One common reason I have heard for why certain people choose to associate with people from their cultural group is that they feel more comfortable around them. Having lived in a foreign country where my communication skills were inhibited, I can understand that it is sometimes comforting to speak your own language. But, when you have grown up in a country where English (I am speaking of English speaking Canada in this instance) is the dominant language, one should feel more comfortable around all those who do speak English, should they not? What I see masquerading as "feeling more comfortable around people from my cultural group" is an unwillingness to integrate into a multi-cultural society and with those whose ethnicity is different then one's own. Is that not racism?

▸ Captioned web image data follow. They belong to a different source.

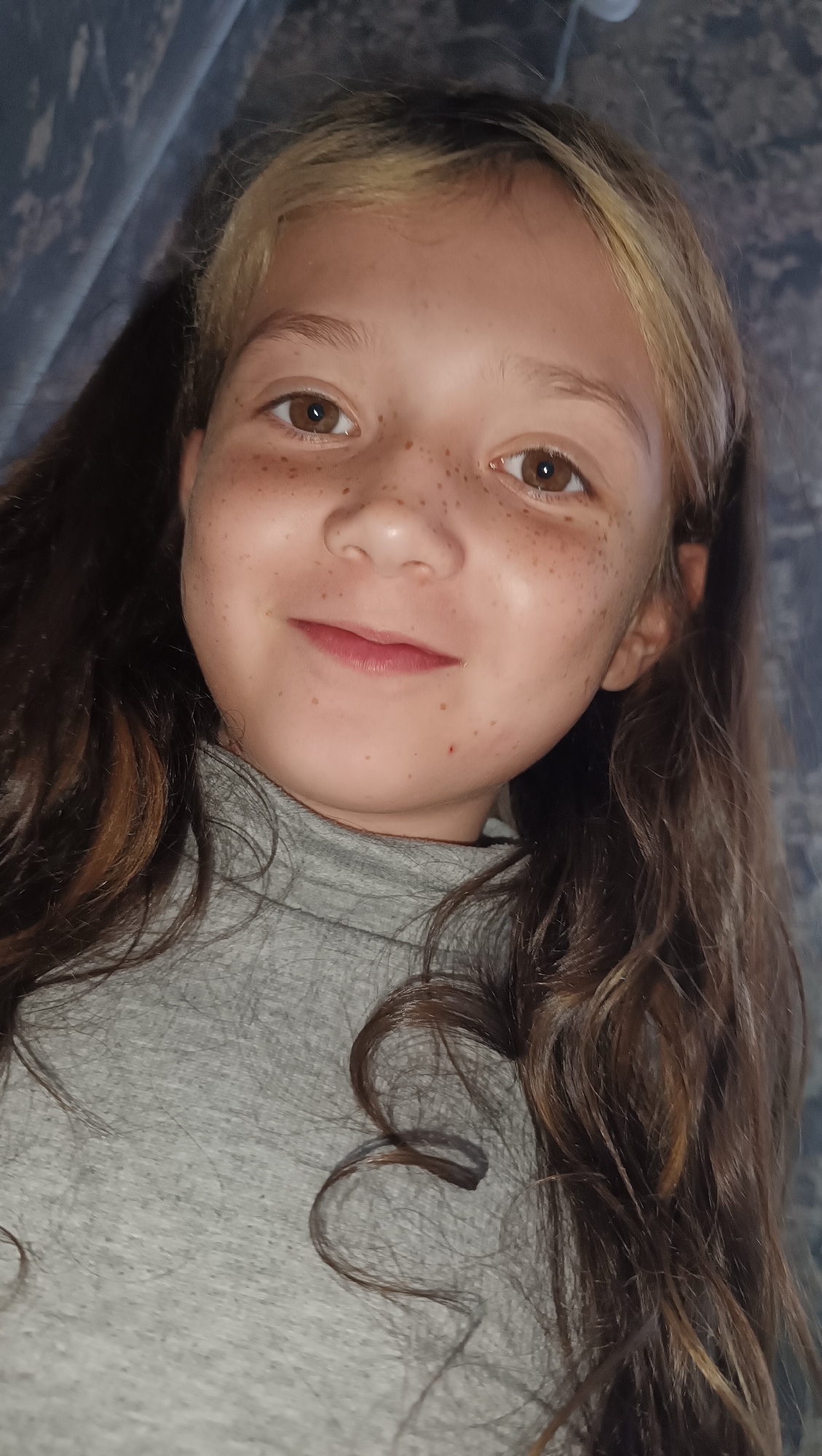 The image is a close-up, vertical, selfie-style photograph of a young girl with light brown hair and brown eyes. She has a light dusting of freckles across her nose and cheeks. Her hair is long and wavy, with some lighter streaks. She is wearing a gray, high-necked shirt. The background is dark and appears to be a draped fabric or curtain. The lighting suggests an indoor setting, possibly in the evening or with artificial light, and does not provide cues for the weather. The girl's expression is a gentle smile. There is no visible text in the image. The location context provided is Karsha, Russia.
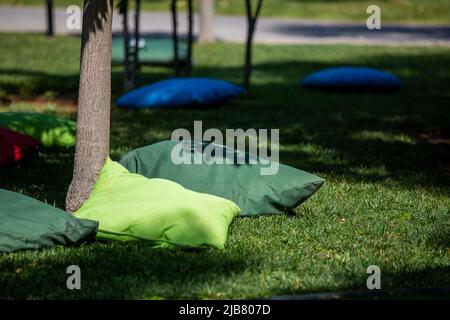 Étudiants assis sur des coussins sous les arbres Banque D'Images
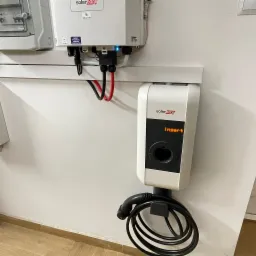 Biała stacja ładowania z napisem 'Insert' na ścianie, z podłączonym kablem. Obok widoczny inwerter z przewodami.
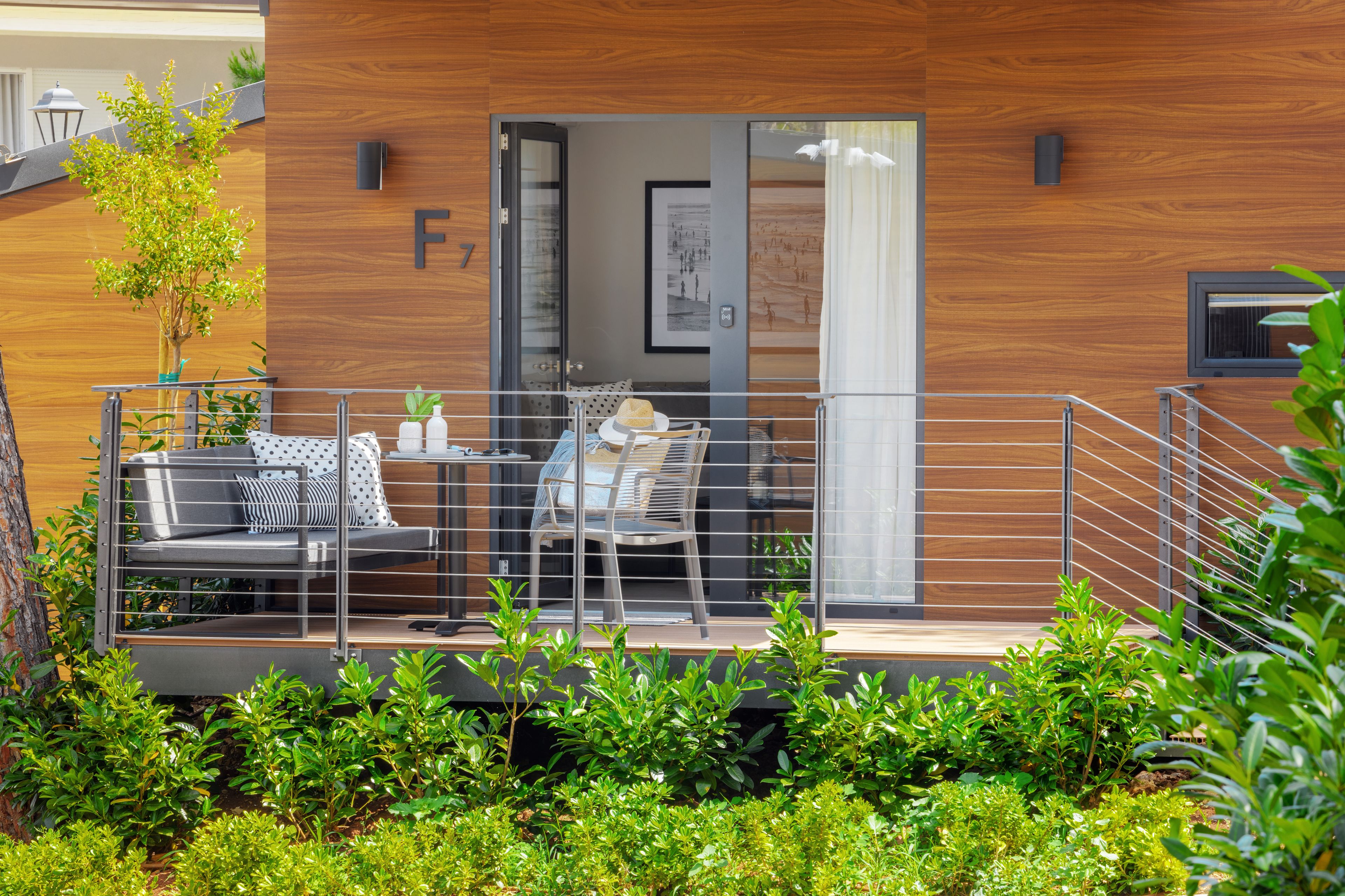 A modern outdoor seating area with a sofa and chairs, a small table, and a potted plant.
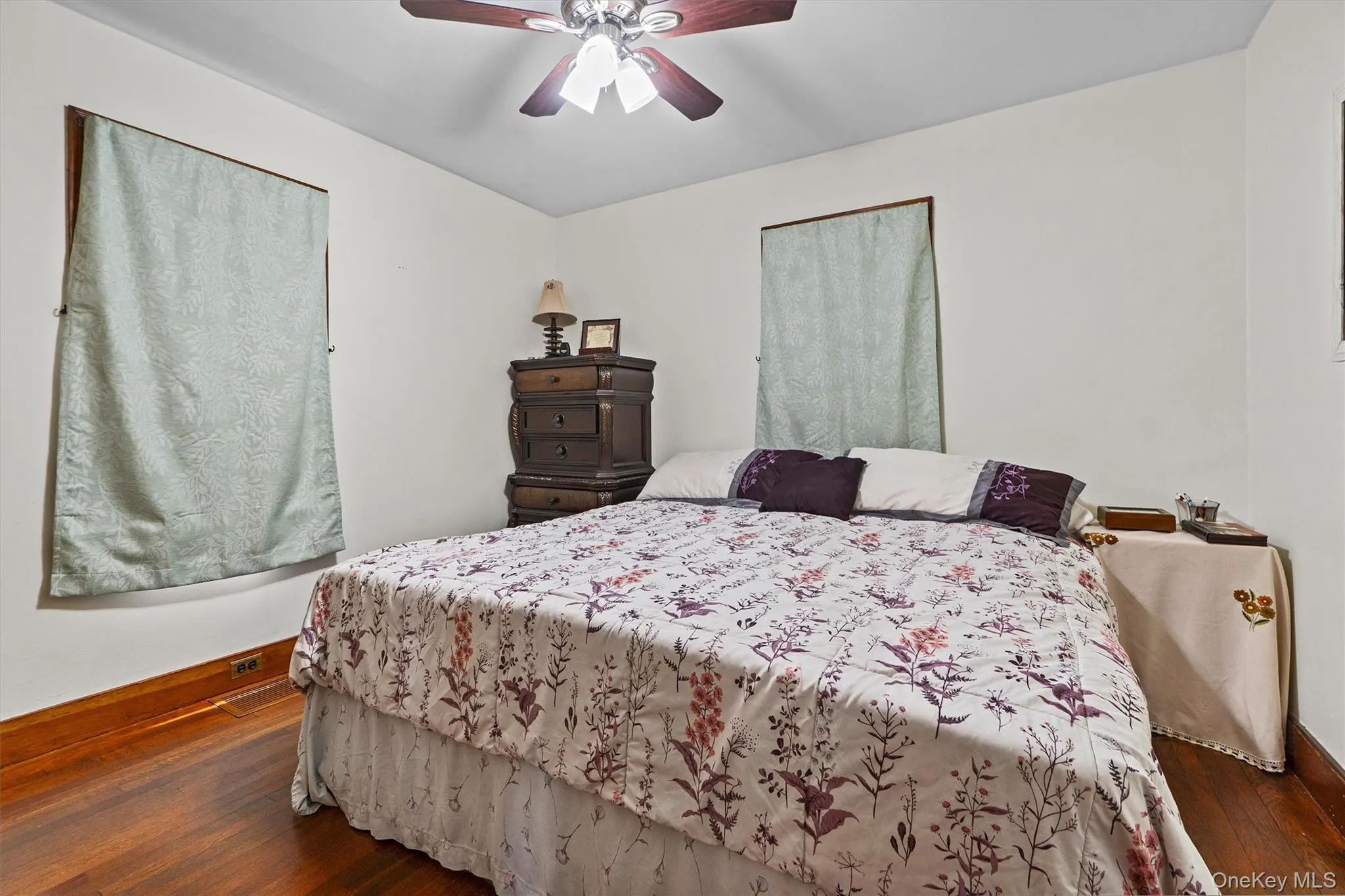 Bedroom with wood-type flooring, and a ceiling fan. Bedroom with wood-type flooring, and a ceiling fan.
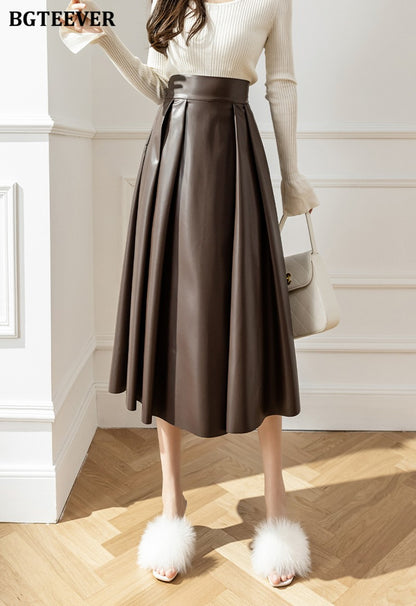 BGTEEVER Spring Autumn Loose PU Leather A-line Skirts Women Elegant High Waist Pleated Faux Leather Skirts Female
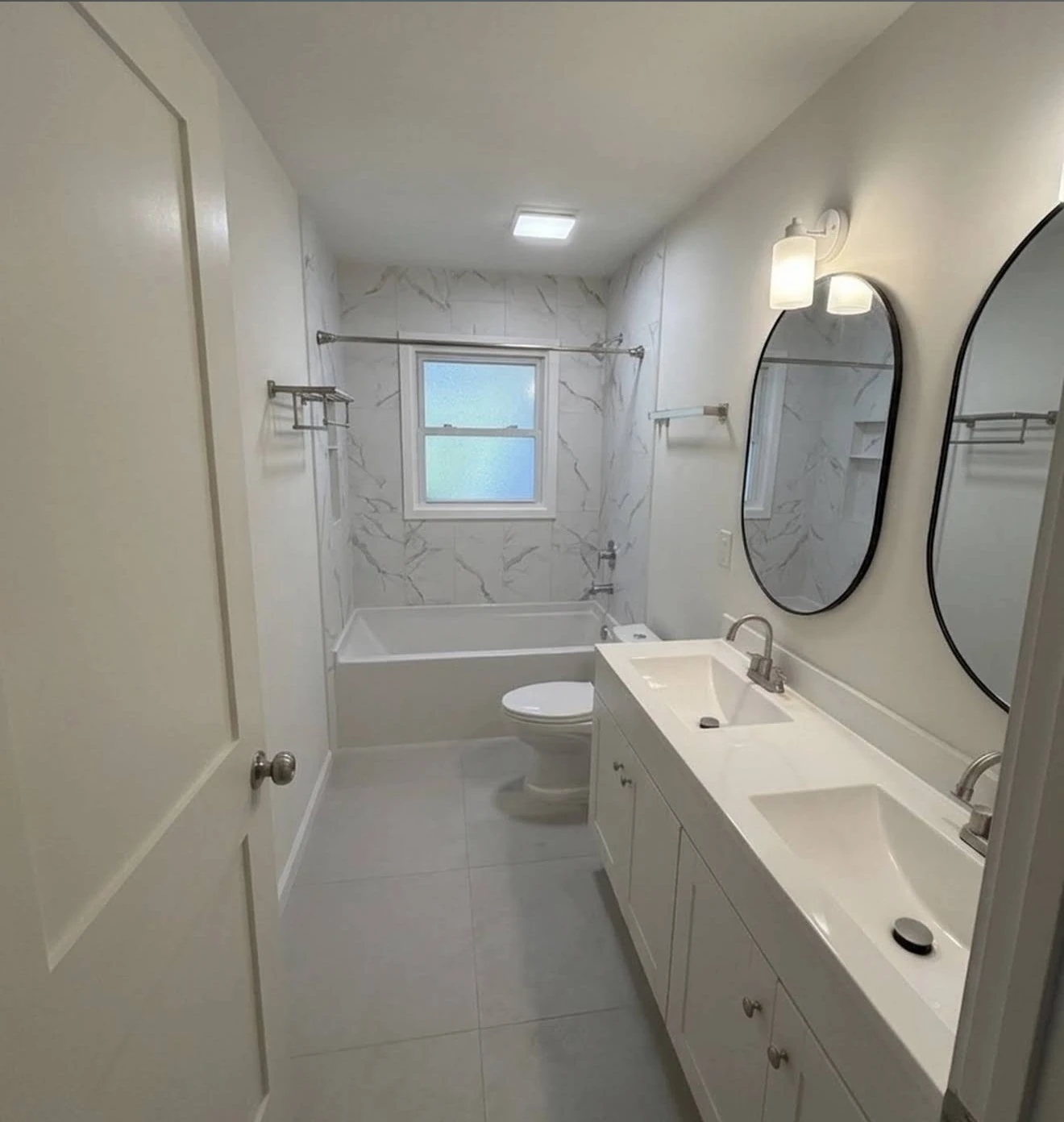 Renovated bathroom with a double vanity, two oval mirrors and a white marble-look tub surround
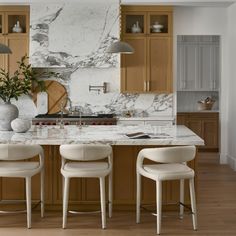 a kitchen with marble counter tops and white chairs in front of an island that has two vases on it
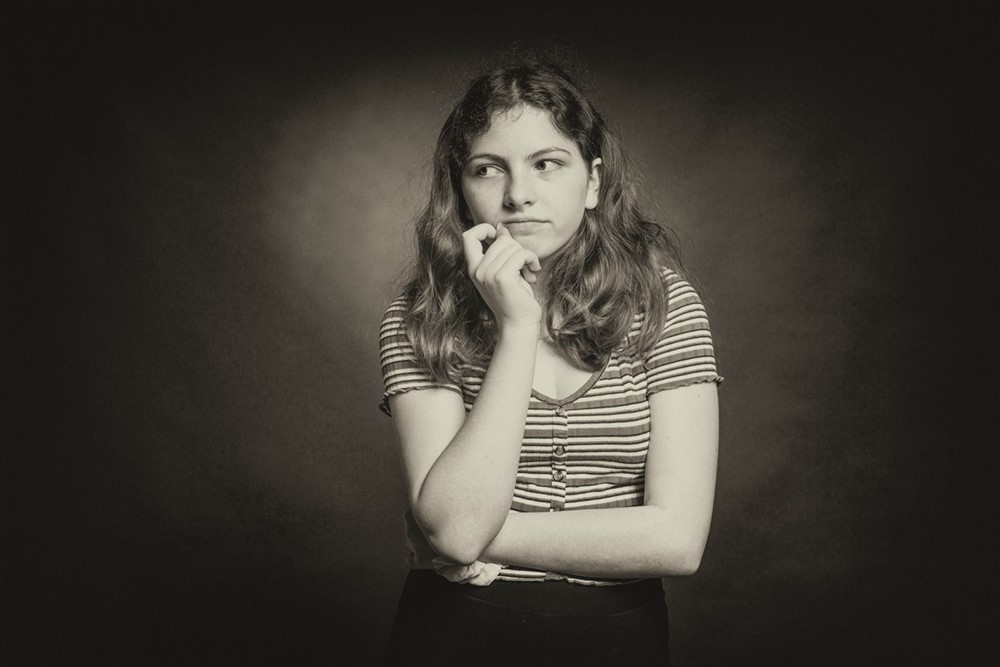 A woman resting one hand on her chin, appearing deep in thought as she considers a decision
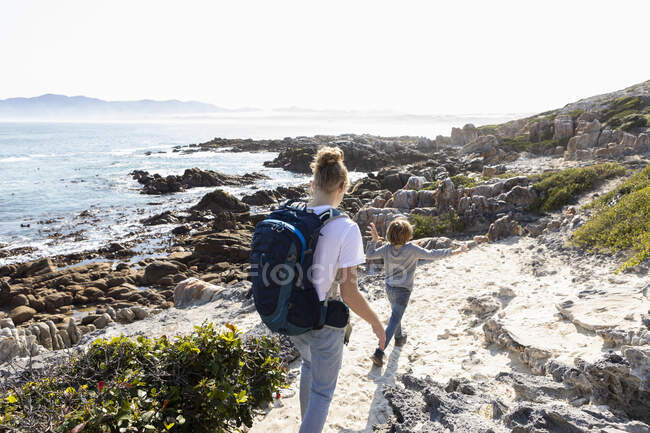 Дівчинка-підліток і молодший брат, що йде по прибережній стежці біля океану — стокове фото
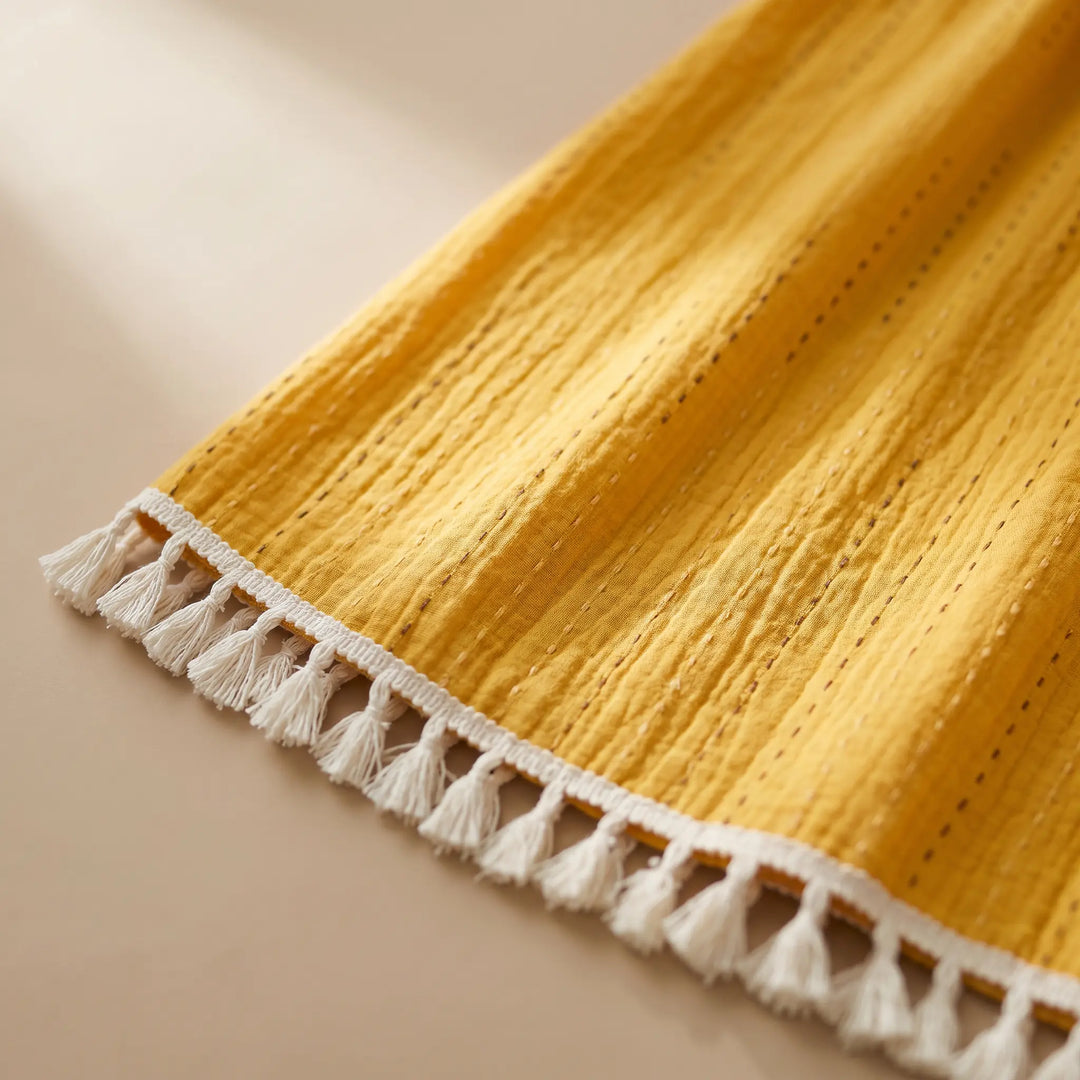Close-up of a golden yellow maxi dress hem featuring fine linear tonal embroidery and a delicate white tassel trim.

Most people emigrate to a multi-cultural country such as Canada or the U.S, because of the openness to other culturals our society fosters. What does it say however, when one comes here under such a context, and then chooses not to uphold these same ideals once they are here? Will we eventually be just a city of cultural suburbs where we are all here, but don't interact? One area (though there are many) where I feel English Canada could learn a great deal from Quebec, is in there emphasis on the French language. While they emphasize the language for many reasons, chief among them to preserve our French-Canadian heritage, this emphasis also forces people to integrate more. Because retreating into ones cultural group is less tolerated (as seen in laws stipulating the size of French versus English or other lanuage text) everyone is forced to speak the same language and deal with things out in the open. Children of immigrant parents, be they from already francophone countries or not, speak French and must practice it to adjust and succeed in Quebec. A greater emphasis on speaking English in schools, would help young people realize that regardless of where their parents came from they are all Canadians now and need to integrate into a Canadian way of life, one that supports multi-culturalism.
While I hope this doesn't come off as a conservative rant against immigrants, I do hope that the idea of immigrants, and citizens of the country need to make more of an effort to integrate with one another. Without this effort we will all merely be leaving near each other and not with each other. One cannot be truly here if they are attempting to live exactly how they lived before emigrating here. Change is good and necessary.